What You Will See in the Demo
The demo walks through a complete Spark ETL pipeline against Telecom Call Detail Record (CDR) data:
- Setting up Jupyter Enterprise Gateway to submit Spark jobs from the notebook
- Extracting CDR records from a MySQL database
- Transforming and writing Parquet files to object storage (MinIO/S3)
- Running analytics on the processed data
GitHub Repository
Full notebooks, manifests, and setup instructions are available here:
spark-etl-ods-demo
Part 2 — Production-Ready Spark with Operator
This section covers running the same Telecom CDR pipeline as a SparkApplication using the Spark Operator. Instead of submitting jobs from a notebook, workloads are submitted directly as SparkApplication CRDs — giving you more control over scaling and resource management.

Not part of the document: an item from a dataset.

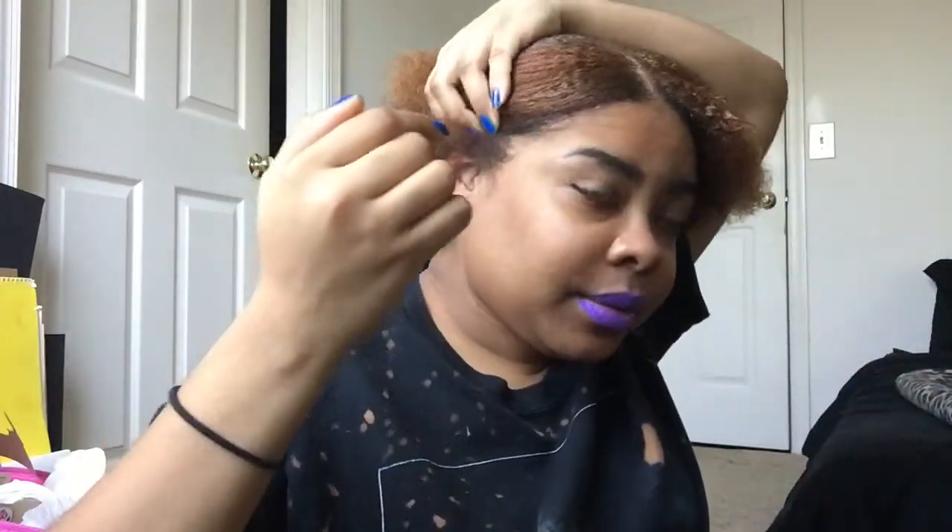I usually use Eco Styler gel — that works just fine — but I'm gonna start to use this. I got it from Target when I got off. One of my co-workers...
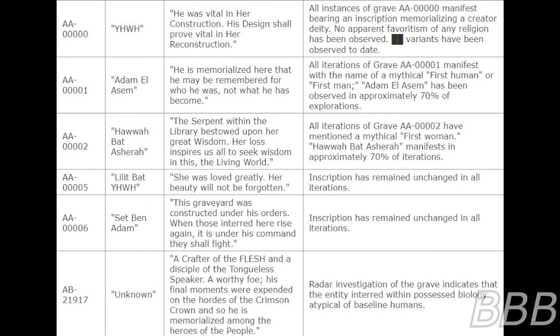Grave AA00005 — Lilith Bat Yahweh. Inscription: 'She was loved greatly. Her beauty will not be forgotten.' Inscription has remained unchanged in all iterations. Grave AA00006 — A gnome. A crafter of the flesh and a disciple of the tongueless speaker. A wealthy foe. His final moments were expended on the hordes of the Crimson Crown and so he is memorialized among the heroes of the people.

What You Will See in the Demo
-
Submitting the ETL workload as a SparkApplication CRD
-
Mounting Python job files from a ConfigMap — no image rebuild needed for transformation changes
-
Submitting the analytics workload as a second SparkApplication
-
Monitoring job performance and resource usage with Grafana The overall flow looks like this:
GitHub Repository
Full manifests, SparkApplication CRDs, and runbook are available here: spark-etl-operator-demo
Conclusion
In this blog, we walked through two approaches to running Spark on OpenShift — from interactive notebook development using Jupyter Enterprise Gateway, to direct SparkApplication submissions with the Spark Operator.
The key takeaway is that the same ETL logic written in a JupyterNotebook can be promoted to a repeatable, scalable pipeline without rewriting your code. OpenShift AI provides the development environment, and the Spark Operator handles the rest.
We hope this gives you a practical starting point for running Spark on OpenShift. All code, manifests, and runbooks are available in the GitHub repositories linked throughout this blog.